My first bit of advice is to pick and choose your days carefully, watch the weather like a hawk! Look for a warming trend in the weather with maybe a string of days slightly warmer than the rest and have it coincide with high barometric pressure or rising barometer. When I talked about fishing your lures slow in autumn it barely scratches the surface of how slow you will need to fish in winter. Literally crawling your lures across the bottom or just hopping them back to the boat is essential with long pauses between hops, sometimes as long as 30 seconds. Light leaders are essential as again you want every 1% in your ball court.
A technique that has proven to be outstanding in fooling winter golden perch not just in Windamere but in most other impoundments as well has been the technique known as “grubbing trees”. This involves using soft plastic grubs and rolling them vertically up a standing tree. You want to fish the plastics as close as possible to the trunk or limbs of the tree. Drop the plastics all the way to the bottom and slowly roll them back up the tree all the way to the rod tip as sometimes the fish will take it at the last second before it leaves the water.
Soft plastic grubs, soft plastic yabbies, skirted jigs and mask vibes
Fishing in Spring
Finally, spring has sprung and the water is clawing its way back up, temperatures start to rise and the fish start to feed more aggressively. Early spring is by far my favourite time to chase Windamere goldens as it means I can crack out the polaroids and the 6wt fly rod and start doing some days on foot.

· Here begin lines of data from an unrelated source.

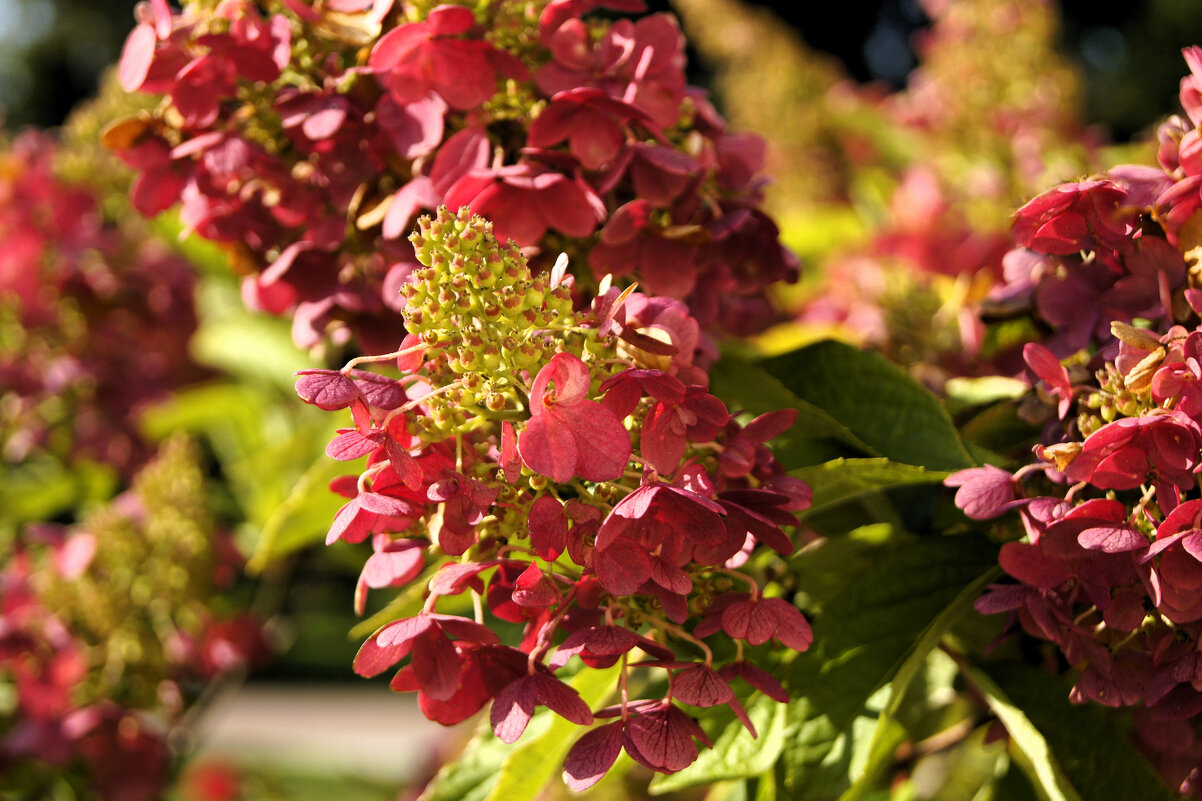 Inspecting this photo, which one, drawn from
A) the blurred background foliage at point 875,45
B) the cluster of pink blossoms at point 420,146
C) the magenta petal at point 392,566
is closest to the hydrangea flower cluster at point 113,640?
the cluster of pink blossoms at point 420,146

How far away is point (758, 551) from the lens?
1.99ft

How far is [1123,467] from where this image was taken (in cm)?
46

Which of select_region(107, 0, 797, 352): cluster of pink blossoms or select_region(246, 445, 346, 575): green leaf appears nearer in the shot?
select_region(107, 0, 797, 352): cluster of pink blossoms

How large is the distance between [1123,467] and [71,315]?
59.1 inches

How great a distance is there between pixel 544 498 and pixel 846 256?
1.22m

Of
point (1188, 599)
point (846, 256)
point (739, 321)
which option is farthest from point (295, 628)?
point (1188, 599)

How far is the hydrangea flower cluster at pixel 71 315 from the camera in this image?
1476mm

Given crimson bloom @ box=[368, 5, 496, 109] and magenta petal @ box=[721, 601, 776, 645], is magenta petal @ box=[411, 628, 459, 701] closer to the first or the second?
magenta petal @ box=[721, 601, 776, 645]

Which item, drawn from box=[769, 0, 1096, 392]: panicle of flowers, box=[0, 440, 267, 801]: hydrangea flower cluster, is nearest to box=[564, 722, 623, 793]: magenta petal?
box=[769, 0, 1096, 392]: panicle of flowers

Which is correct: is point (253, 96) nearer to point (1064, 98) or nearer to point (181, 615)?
point (181, 615)

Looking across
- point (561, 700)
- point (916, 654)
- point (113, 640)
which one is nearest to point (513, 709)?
point (561, 700)

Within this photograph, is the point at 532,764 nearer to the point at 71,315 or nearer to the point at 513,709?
the point at 513,709

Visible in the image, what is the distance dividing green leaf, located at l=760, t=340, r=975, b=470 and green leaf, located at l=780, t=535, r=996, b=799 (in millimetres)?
55

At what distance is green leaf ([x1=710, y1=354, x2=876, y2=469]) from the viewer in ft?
2.04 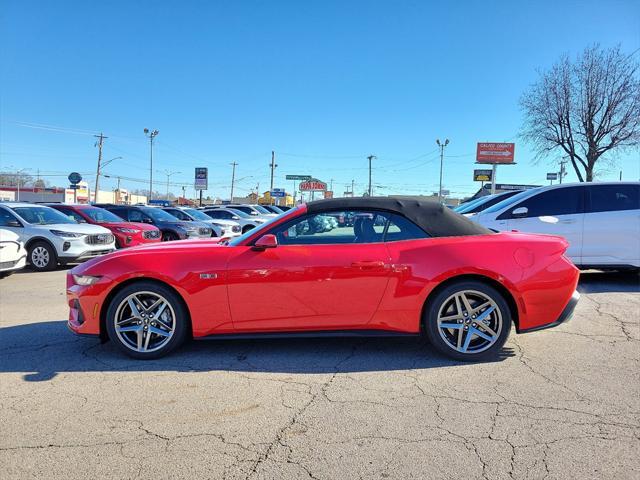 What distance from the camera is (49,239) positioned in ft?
31.8

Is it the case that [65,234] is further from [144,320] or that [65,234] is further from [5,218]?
[144,320]

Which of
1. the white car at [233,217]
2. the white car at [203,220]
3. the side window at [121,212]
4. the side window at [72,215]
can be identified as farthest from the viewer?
the white car at [233,217]

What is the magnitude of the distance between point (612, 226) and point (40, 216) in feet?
38.5

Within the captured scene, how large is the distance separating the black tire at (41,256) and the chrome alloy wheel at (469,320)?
8916mm

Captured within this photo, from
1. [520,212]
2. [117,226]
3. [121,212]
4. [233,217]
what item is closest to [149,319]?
[520,212]

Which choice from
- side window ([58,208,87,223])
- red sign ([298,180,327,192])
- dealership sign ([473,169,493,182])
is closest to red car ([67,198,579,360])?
side window ([58,208,87,223])

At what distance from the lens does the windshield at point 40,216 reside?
10.2m

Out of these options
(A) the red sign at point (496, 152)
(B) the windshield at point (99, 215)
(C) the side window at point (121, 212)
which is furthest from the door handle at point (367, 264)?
(A) the red sign at point (496, 152)

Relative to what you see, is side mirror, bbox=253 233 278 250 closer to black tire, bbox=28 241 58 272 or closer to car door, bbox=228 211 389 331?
car door, bbox=228 211 389 331

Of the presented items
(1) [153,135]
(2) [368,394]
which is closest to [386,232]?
(2) [368,394]

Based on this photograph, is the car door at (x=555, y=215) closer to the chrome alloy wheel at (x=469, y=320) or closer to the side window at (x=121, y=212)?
the chrome alloy wheel at (x=469, y=320)

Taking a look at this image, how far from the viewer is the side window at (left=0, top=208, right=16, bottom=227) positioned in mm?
9922

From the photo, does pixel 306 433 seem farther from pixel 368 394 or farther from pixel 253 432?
pixel 368 394

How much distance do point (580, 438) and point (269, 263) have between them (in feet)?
8.41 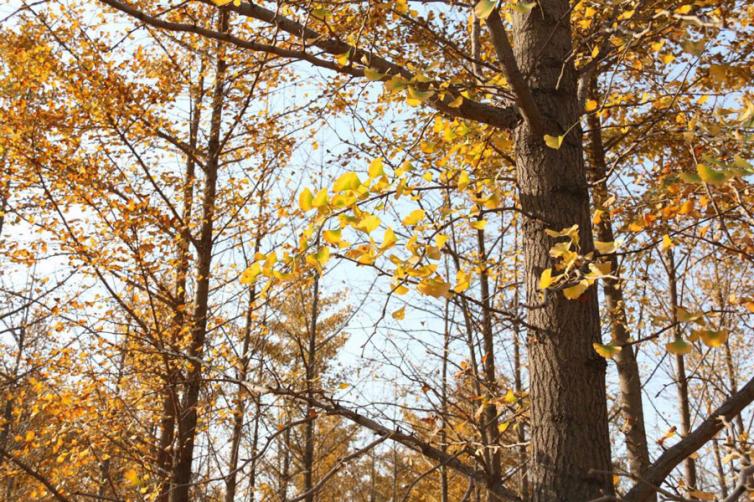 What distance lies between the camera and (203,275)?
218 inches

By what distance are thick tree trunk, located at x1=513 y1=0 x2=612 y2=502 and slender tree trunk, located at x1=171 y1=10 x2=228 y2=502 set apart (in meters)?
3.25

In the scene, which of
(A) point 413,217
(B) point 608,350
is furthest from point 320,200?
(B) point 608,350

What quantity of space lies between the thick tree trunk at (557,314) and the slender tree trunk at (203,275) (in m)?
3.25

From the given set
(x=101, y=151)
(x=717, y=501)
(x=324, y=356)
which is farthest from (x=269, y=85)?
(x=324, y=356)

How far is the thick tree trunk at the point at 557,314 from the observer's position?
5.97 feet

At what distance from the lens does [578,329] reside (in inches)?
77.2

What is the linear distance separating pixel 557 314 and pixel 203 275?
4.27 meters

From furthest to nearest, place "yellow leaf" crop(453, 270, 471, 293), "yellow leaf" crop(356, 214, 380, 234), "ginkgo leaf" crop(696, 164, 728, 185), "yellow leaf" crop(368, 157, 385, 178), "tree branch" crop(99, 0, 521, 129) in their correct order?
"tree branch" crop(99, 0, 521, 129) → "yellow leaf" crop(453, 270, 471, 293) → "yellow leaf" crop(368, 157, 385, 178) → "yellow leaf" crop(356, 214, 380, 234) → "ginkgo leaf" crop(696, 164, 728, 185)

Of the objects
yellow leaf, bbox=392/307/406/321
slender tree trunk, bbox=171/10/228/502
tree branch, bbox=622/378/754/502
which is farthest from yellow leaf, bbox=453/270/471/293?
slender tree trunk, bbox=171/10/228/502

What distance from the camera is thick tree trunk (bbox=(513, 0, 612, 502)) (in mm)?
1819

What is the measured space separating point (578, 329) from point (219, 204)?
4749mm

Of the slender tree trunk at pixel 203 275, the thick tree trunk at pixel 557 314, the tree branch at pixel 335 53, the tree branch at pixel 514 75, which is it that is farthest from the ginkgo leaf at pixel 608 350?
the slender tree trunk at pixel 203 275

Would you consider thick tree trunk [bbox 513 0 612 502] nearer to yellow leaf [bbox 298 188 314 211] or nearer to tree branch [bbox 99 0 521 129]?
tree branch [bbox 99 0 521 129]

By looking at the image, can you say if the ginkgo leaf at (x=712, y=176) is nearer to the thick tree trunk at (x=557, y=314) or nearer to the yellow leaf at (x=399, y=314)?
the thick tree trunk at (x=557, y=314) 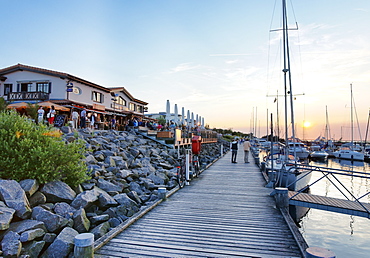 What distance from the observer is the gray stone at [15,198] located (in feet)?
18.1

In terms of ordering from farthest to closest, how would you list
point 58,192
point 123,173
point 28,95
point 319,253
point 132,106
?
point 132,106, point 28,95, point 123,173, point 58,192, point 319,253

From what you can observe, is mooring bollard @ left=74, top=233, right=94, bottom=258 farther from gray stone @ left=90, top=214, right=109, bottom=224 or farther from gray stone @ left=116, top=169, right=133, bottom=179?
gray stone @ left=116, top=169, right=133, bottom=179

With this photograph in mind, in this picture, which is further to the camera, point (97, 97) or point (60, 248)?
point (97, 97)

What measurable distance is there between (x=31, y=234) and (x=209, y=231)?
146 inches

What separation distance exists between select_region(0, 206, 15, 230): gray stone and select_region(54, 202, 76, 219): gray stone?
1.17 meters

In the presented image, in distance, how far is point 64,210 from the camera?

During the mornings more often than not you will find numbers of fish sitting really shallow (6ft or less) in amongst fresh ribbon weed growth, along steep rocky edges and in the crowns of trees. These goldens are generally slow in their movements but are still active as they are sunning themselves and trying to find the first of any type of food source to appear out in the warmth, this includes; shrimp, yabbies and baitfish. Again, early on the fish will be fairly slow until the water hits around 15-17 degrees Celsius but once this temp is reached the fish will be all guns blazing.
During the peak of the springtime bite it’s not uncommon to be catching upwards of 20 fish a day, even when fishing solo from a boat. To maximise the amount of fish you come across it’s important to target areas rich in food. Areas of broken rock and fresh weed growth are the most likely areas in my books to chase actively feeding fish as these will harbour all of the little crustaceans and baitfish they will be feeding heavily on. Through my experiences of Windamere it is these particular areas that hold the larger feeding fish, while in amongst the timber it’s more common to cross paths with the smaller, more aggressive males.
Soft plastic grubs, soft plastic yabbies, skirted jigs, mask vibes, Ecogear Zx40’s, Jackal Tn60’s, jerkbaits and crankbaits
To sum things up, while chasing goldens at Windamere Dam whether you’re just getting started or an experienced angler, you must remember that the fish are still catchable in the ‘off peak’ times such as autumn and winter if you’re willing to put the time and effort in to work them out. Spring and summer are the ‘on peak’ times and when you will experience your most fishing action, preparation such as making sure all of your knots are up to scratch and lure presentation is on par with what you are trying to imitate can make the biggest difference to a day’s fishing.
Tight lines and Screaming drags.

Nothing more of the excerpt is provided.